Do Something!

Unfairpak

client_pictures_farepak.jpgI didn’t get the joke. On last night’s ‘Have I Got News For You” the ‘odd thing out’ photo puzzle had a hamster, Gwynith Paltrow’s head, something that looked like a Harrod’s hamper (okay, I’ve never seen one and I wasn’t paying all that much attention) and something else (I forget what)….

The answer was the hamper – because all the other things had been sent through the post, but the hamper won’t be. Thing is, it wasn’t a Harrod’s hamper, it was a Farepak hamper. I haven’t seen one of these either, but I’m sure that many know that these hampers are aimed at poor families who scrape together enough to make at least one day a year a little special.

“Originally developed as a traditional Christmas Hamper company, Farepak has grown to be one of the largest, and the most safe and reliable, Christmas savings schemes in the country. Tens of thousands of customers enjoy Farepak’s excellent range of hampers, gifts and shopping vouchers each year.”

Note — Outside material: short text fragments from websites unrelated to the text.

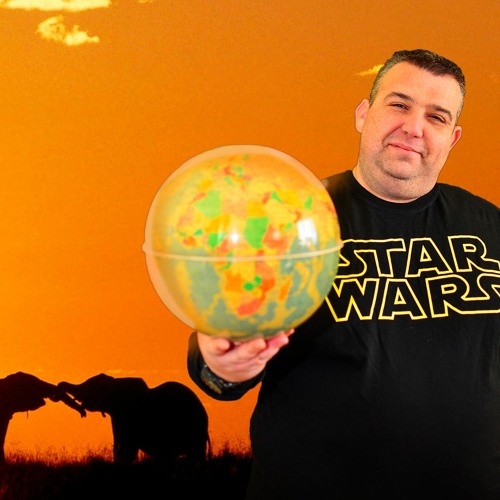 Stream Dj Turbo Katra FM by DJ Turbo(JTI MusicStudio) Listen online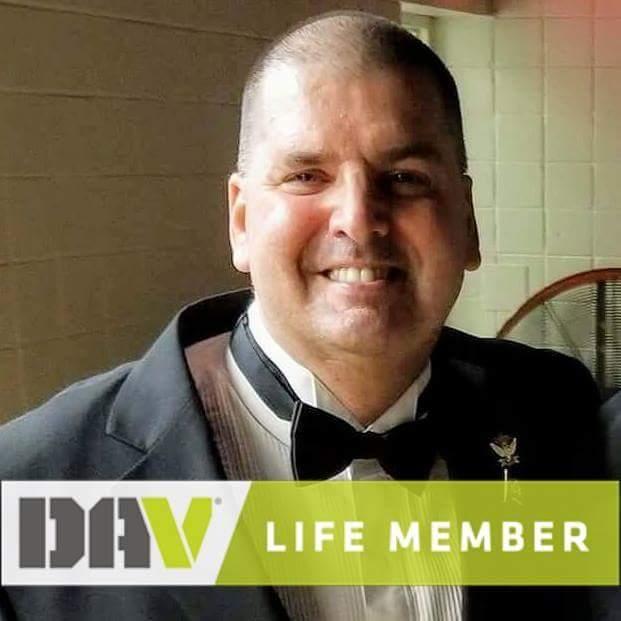 greek cs-1 steve cs-2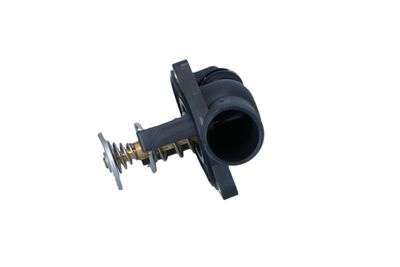 TERMOSTAT LICHID RACIRE NRF 725130 16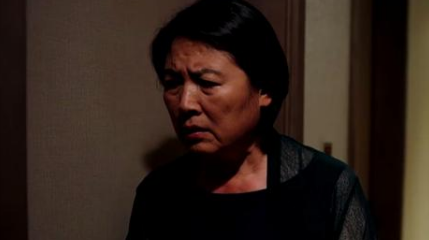 《不惑之旅》冯春生孩子随谁的姓，真的有那么重要吗？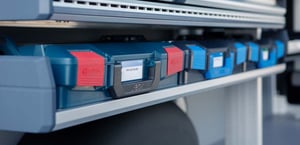 02-2020_Sortimo-EcoSystem-L-BOXX-Bosch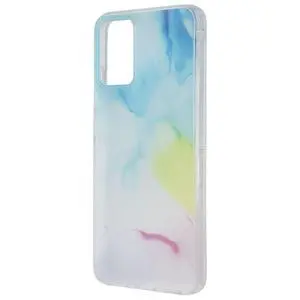 MyBat Pro Mood Series Case for Motorola Moto G 5G (2024) - Expressive MyBat Pro Mood Series Case for Motorola Moto G 5G (2024) - Expressive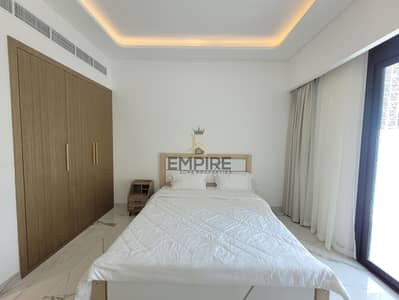 استوديو  للايجار في مدينة ميدان، دبي - 20250901_133604. jpg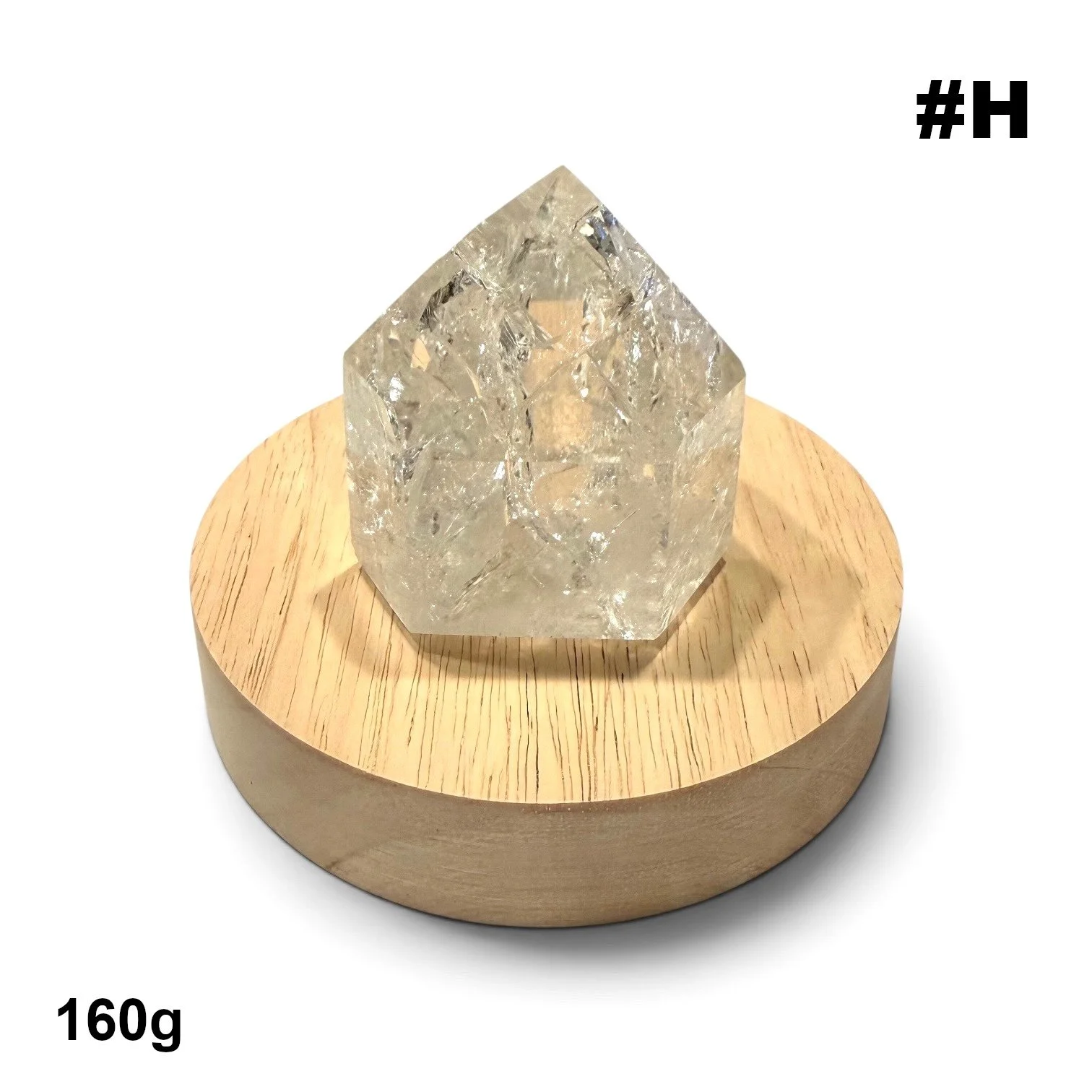 LED Base H.jpg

Well, that’s what how company’s marketing spiel went anyway… The reality is quite different.

Tens of thousands of poor families who relied on this scheme to guarentee “christmas” have now not only lost any chance of that, but they’ve lost the money they paid to the company as well. The promises of savings, bonuses and cash-back too have evaporated as the company went into receivership.

As Ian Herbert says in The Independent:

“For 140,000 low-income families across Britain, Farepak’s hampers were a seasonal godsend. For just a few pounds each month, they could enjoy some modest Christmas treats without sliding into debt. But this year, the company’s spectacular collapse has cheated them of their precious savings. Are they simply victims of bad luck? Or was corporate greed to blame?”

As Polly Toynbee notes in The Guardian:

“Here are families from the 30% who own nothing, scrimping and saving to provide a Christmas for children that feels like other people’s Christmases, as advertised on TV. The rest of the year, they have their noses pressed up against a consumer society they don’t belong to.”

For others – since the Farepak used the ‘be a local agent and sell to your friends and neighbours’ have found themselves in a very difficult position.

While the company directors, lawyers and bankers fight over whose fault the collapse of Farepak was, it is no comfort to those families who have lost out.

GMTV reports that a temporary charity has been set up to try to relieve their loss.

The Farepak Response Fund will be accepting donations for the next 10 days – until 24 November 2006.

There is more on the story on a website set up by some angry customers, titled – not unsurprisingly – unFairpak.co.uk.